In 2019, researchers discovered a gene that could be responsible for pigmentary glaucoma. They hope that this discovery could help them to develop therapies that could halt the disease in vulnerable people, long before it begins. Gene identification could also help people pinpoint risks, so they can take preventive steps to reduce eye pressure before vision loss sets in.

These therapies will not be sitting in your doctor’s office in the near future. Researchers need time to develop therapies and test them. But this exciting discovery could help future generations to preserve their sight, even when they are living with a serious condition.
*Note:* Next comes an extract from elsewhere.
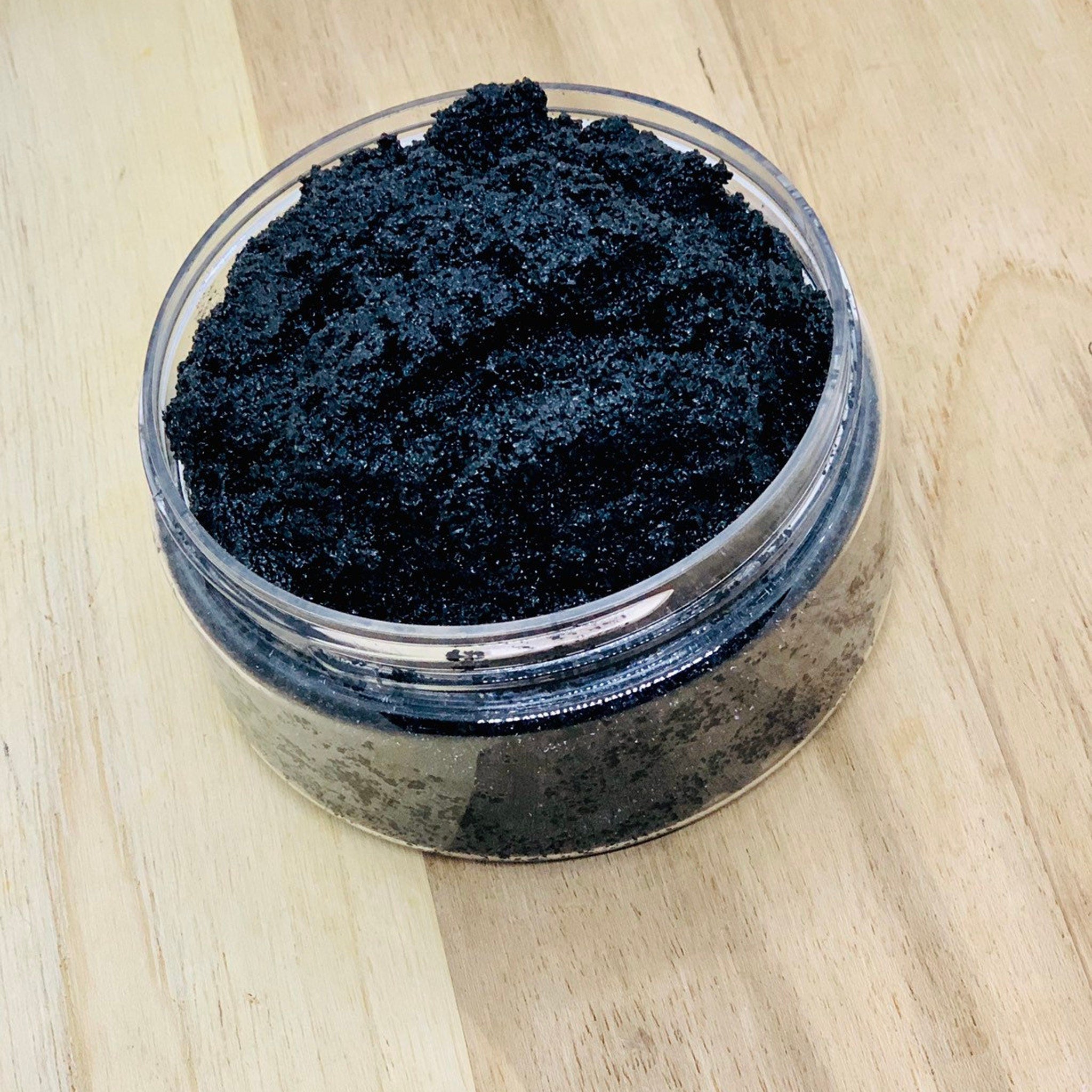 Black glitter in clear plastic jar on light wood surface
In the interim, if you’ve been diagnosed with pigmentary glaucoma, work with your doctor and follow your treatment plan carefully. That is the best way to ensure that you do not experience permanent vision loss.

References

  1. Types of Glaucoma. (October 2017). Glaucoma Research Foundation.
  2. Glaucoma, Pigment Dispersion Syndrome. The University of Arizona Health Sciences.
  3. Pigment Dispersion Syndrome and Pigmentary Glaucoma. (October 2019). Glaucoma Research Foundation.
  4. Pigmentary Glaucoma and Pigment Dispersion Syndrome. (September 2015). BrightFocus Foundation.
  5. Pigmentary Glaucoma: 24-Year-Old Male with Episodic Haloes Around Lights and Blurry Vision. (February 2014). University of Iowa Health Care.
  6. Pigmentary Glaucoma: Answers to Your Questions. (April 2018). Glaucoma Research Foundation.
  7. Pearls for Care in Pigmentary Glaucoma. (May 2015). EyeWorld.
  8. Pigmentary Glaucoma. American Academy of Ophthalmology.
  9. Scientists First to Pinpoint a Cause of Pigmentary Glaucoma. (January 2019). Medical Xpress.
  10. Ocular Urban Legends. (November 2014). Review of Optometry.